Uiteindelijk was het niet de rechterzijde van de partij in het Oosten, die koste wat kost een nationale coalitie met de SPD en de Groenen wou, maar waren het de radicalere DIE LINKE-afdelingen in het Westen, die vooruitgang boekten en nationaal voor een lichte vooruitgang zorgden, die de reputatie en het prestige van de partij wisten te redden. DIE LINKE ging het meest vooruit in belangrijke steden zoals Hamburg, Bremen, Keulen en Frankfurt - een teken van beginnende radicalisering naar links bij de meest geavanceerde lagen. Hoewel de slogans en posters van de partij aan de zwakke kant waren en geen anti-kapitalistisch alternatief voorstelden, toont deze toename in stemmen het aanwezige potentieel en de zoektocht van arbeiders en jongeren naar een duidelijk alternatief.
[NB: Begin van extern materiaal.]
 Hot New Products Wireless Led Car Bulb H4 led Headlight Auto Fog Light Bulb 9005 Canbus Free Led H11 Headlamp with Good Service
Tijdens de verkiezingscampagne sloten zich in het hele land duizenden, voornamelijk jongere mensen, aan bij de partij. Spontane uitbarstingen van protest tegen de aanwezigheid van de Afd in de Bondsdag, zullen nog meer jonge mensen overtuigen zich bij de partij aan te sluiten in de komende dagen en weken.

 

Een met de rest van Europa vergelijkbare evolutie

 

In het algemeen tonen de verkiezingsuitslagen aan dat Duitsland niet ontsnapt aan de evolutie die de rest van Europa doormaakt; toenemende polarisering en politieke fragmentatie. De steun voor de twee grote traditionele politieke blokken, CDU/CSU en SPD brokkelt af. In de 'goeie ouwe tijd' van de Bondsrepubliek haalden ze samen 80 tot 90 procent van de stemmen, maar nu halen ze samen nog net 53 procent.

 

De opkomst van de AfD heeft voor veel verwarring en woede gezorgd bij mensen die extreem-rechts willen bestrijden. De beste manier om dit te doen is echter niet door te moraliseren, maar door de sociale basis van de AfD te ondermijnen doormiddel van het bevorderen van de klassenstrijd en het ultra-reactionaire karakter van deze extreem-rechtse partij te ontmaskeren. Er zullen talrijke gelegenheden zijn om dit te doen. Onvermijdelijk zullen er zich in de werkplaatsen bewegingen rond lonen, arbeidsvoorwaarden en banen ontwikkelen, net zoals tegen het tekort aan betaalbare woningen in de grote steden, terwijl de pensioenen voor miljoenen mensen drastisch verlaagd zullen worden.

 

Als DIE LINKE in deze omstandigheden een rol van betekenis wil spelen, kan dat enkel door zich naar links te bewegen en een moedig revolutionair-socialistisch programma voor te stellen. Dat zou in heel Duitsland een grote weerklank bij arbeiders en jongeren hebben. Het potentieel is aanwezig om Duitsland te transformeren, wat onvermijdelijk tot de transformatie van heel Europa en de wereld zou leiden.